Похоже, именно с этого этапа включился в прерванную традицию Мел Гибсон. «Страсти Христовы» целиком сняты в Италии, в основном — на знаменитой «Чинечитта», главной местной кинофабрике, с малоизвестными итальянскими актерами, успешно изображающими евреев и римлян (лишь в главной роли — американец Джеймс Кэвизел, тоже, мягко говоря, не звезда). Все приметы жанра у Гибсона налицо: шикарные и вполне натуральные декорации — куда там стопроцентно фальшивому «Гладиатору» с нарисованным на компьютере Древним Римом; тщательно воспроизведенные детали эпохи — от одежды до орудий пыток; полное отсутствие психологии, когда актеры изображают абстрактные эмоции: Иисус — Страдание, Мария — Сострадание, Пилат — Сомнение, прочие — в основном нечеловеческий Садизм. Гибсон пытается максимально оживить вечную историю — не только новейшими кинематографическими средствами, но и наработанными традициями пеплума; на деле же получается интересный, достоверный и вполне шокирующий рассказ об античной пенитенциарной системе. Кстати, подзаголовок классического «Бен Гура» — «История Христа»; первые христиане там и впрямь присутствуют, но скорее в качестве дополнительной виньетки для шикарной сцены гонок на колесницах и прочего исторического антуража. Схожую роль выполняет на самом деле и Иисус у Гибсона — что бы там ни замышлял на самом деле режиссер.

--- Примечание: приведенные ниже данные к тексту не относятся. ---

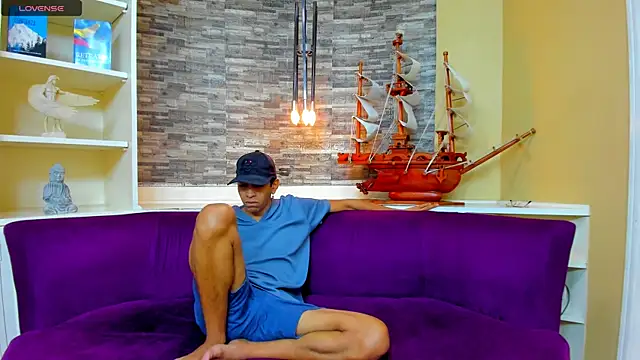 Juicy Creww online show from September 2025 10:10:01 AM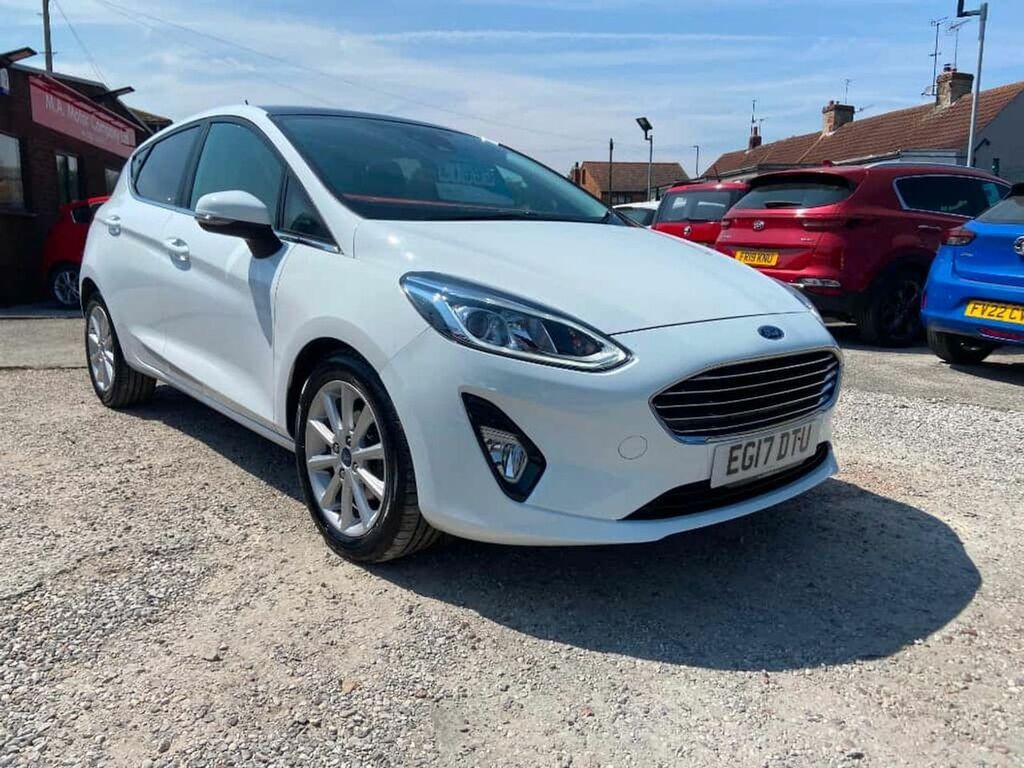 Ford Fiesta Titanium Panoramic Sunroof White #5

«Страсти Христовы», несмотря на место съемок (какой-нибудь «Блэйд-2», в конце концов, снимался в Праге), — самый что ни на есть голливудский фильм: об этом говорит не только имя режиссера, но и невероятный успех у американской аудитории. И самое, пожалуй, радикальное свидетельство редкой выживаемости Голливуда: применяя в высшей степени неожиданные средства и приемы, пуская в ход Евангелие и арт-хаус, здесь умудряются воскресить давно, казалось бы, забытый жанр — и подать его в наилучшем, сверхсовременном обличье.